### DATA RECORDS
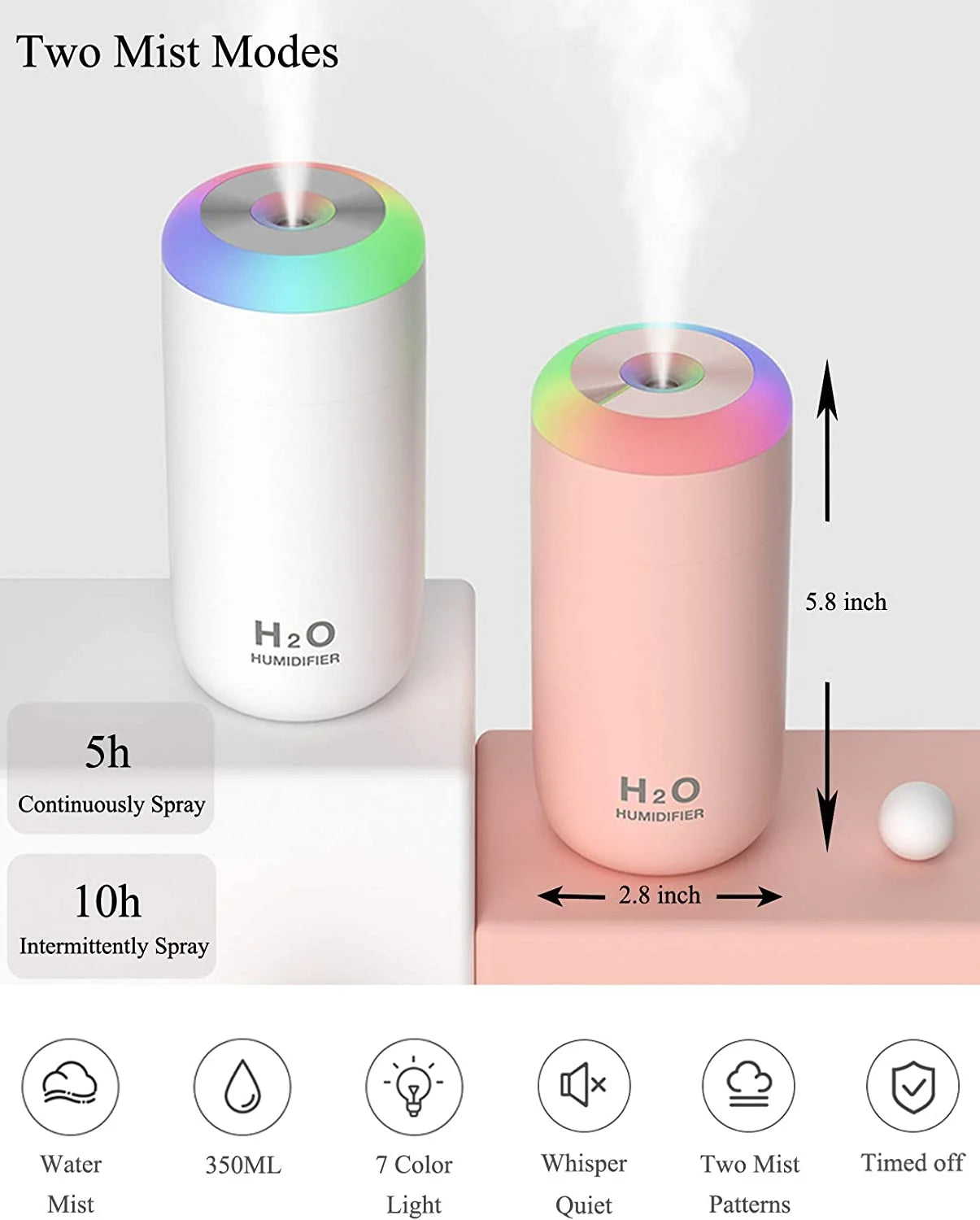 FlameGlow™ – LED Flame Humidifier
---
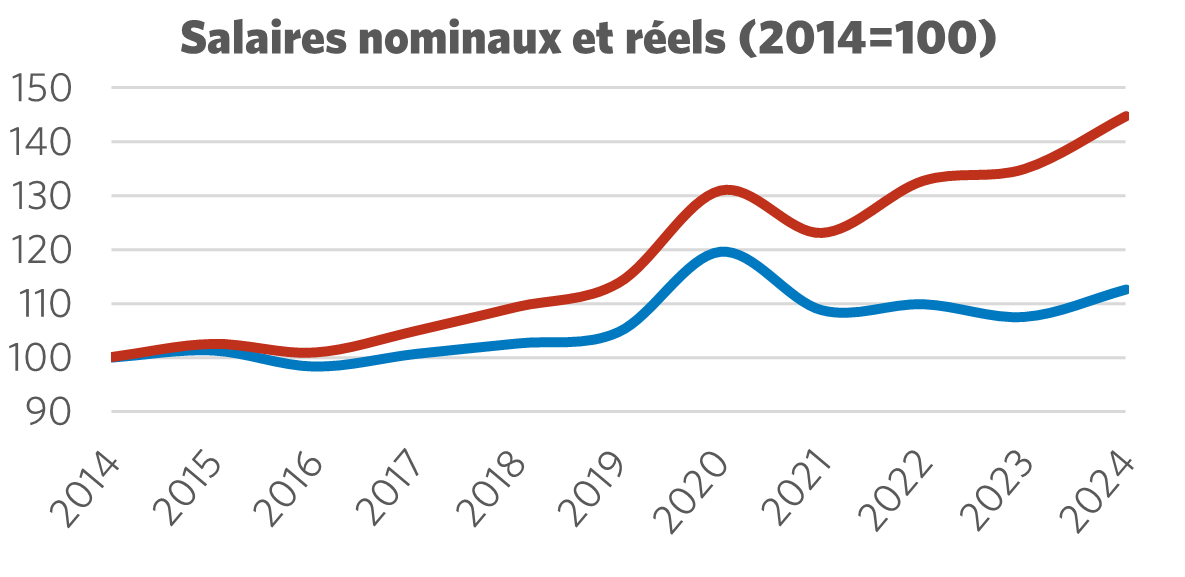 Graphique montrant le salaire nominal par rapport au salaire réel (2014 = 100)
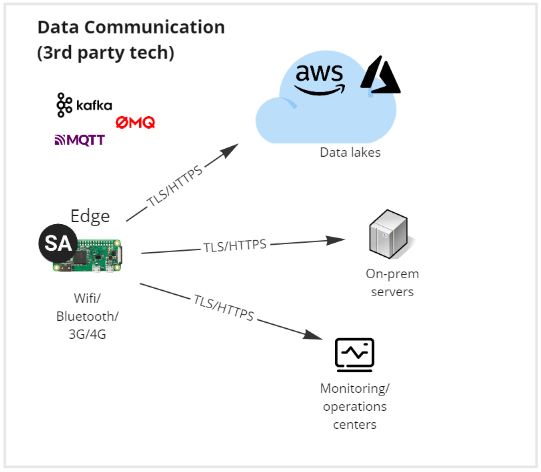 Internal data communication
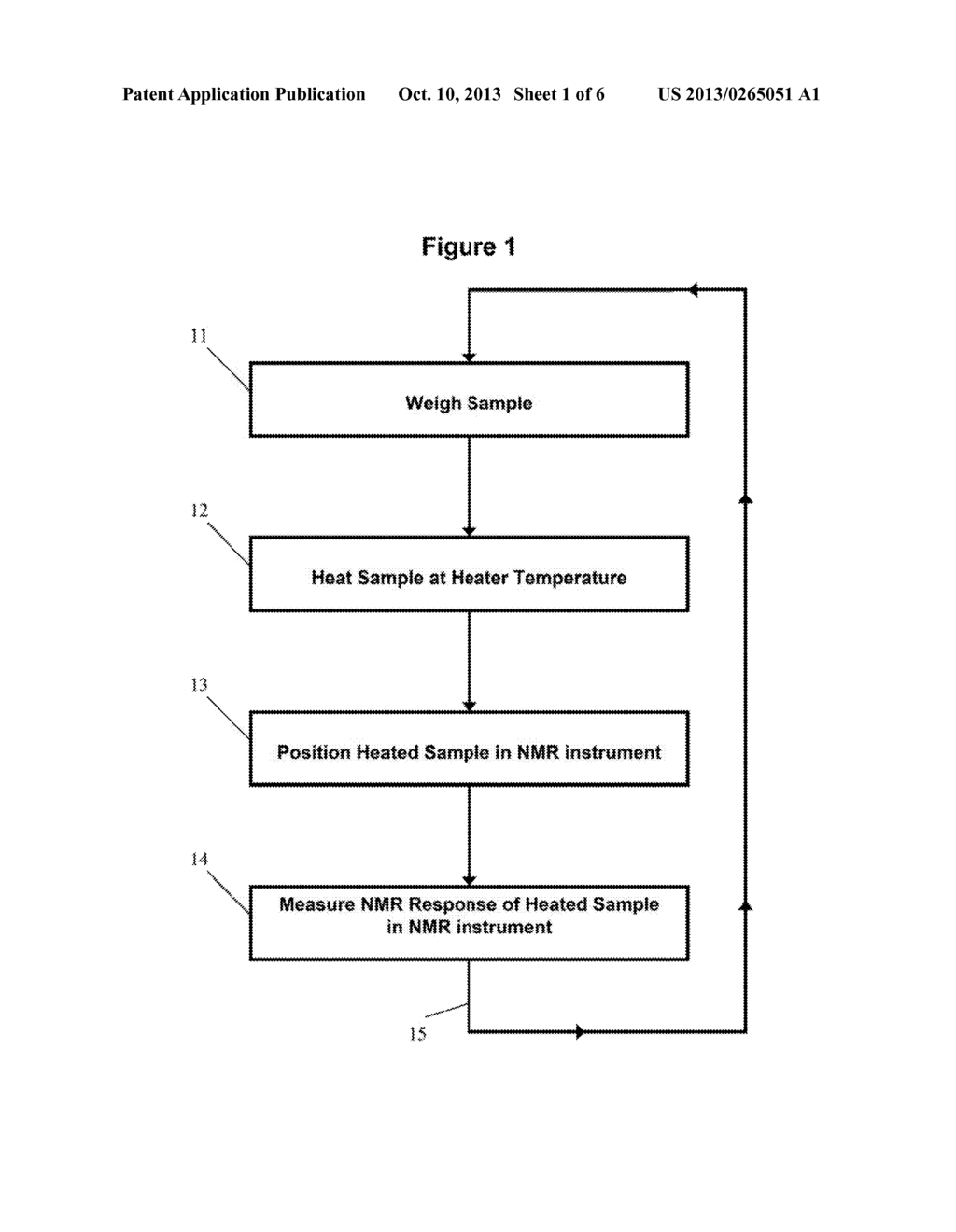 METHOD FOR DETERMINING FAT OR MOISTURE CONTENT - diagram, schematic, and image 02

### WORK ORDER
Within the listing above, copy exactly the lines that start at the one with "Graphique montrant le" and continue through the one with "METHOD FOR DETERMINING". Omit pictures.

### RESULT BELOW
 Graphique montrant le salaire nominal par rapport au salaire réel (2014 = 100)
 Internal data communication
 METHOD FOR DETERMINING FAT OR MOISTURE CONTENT - diagram, schematic, and image 02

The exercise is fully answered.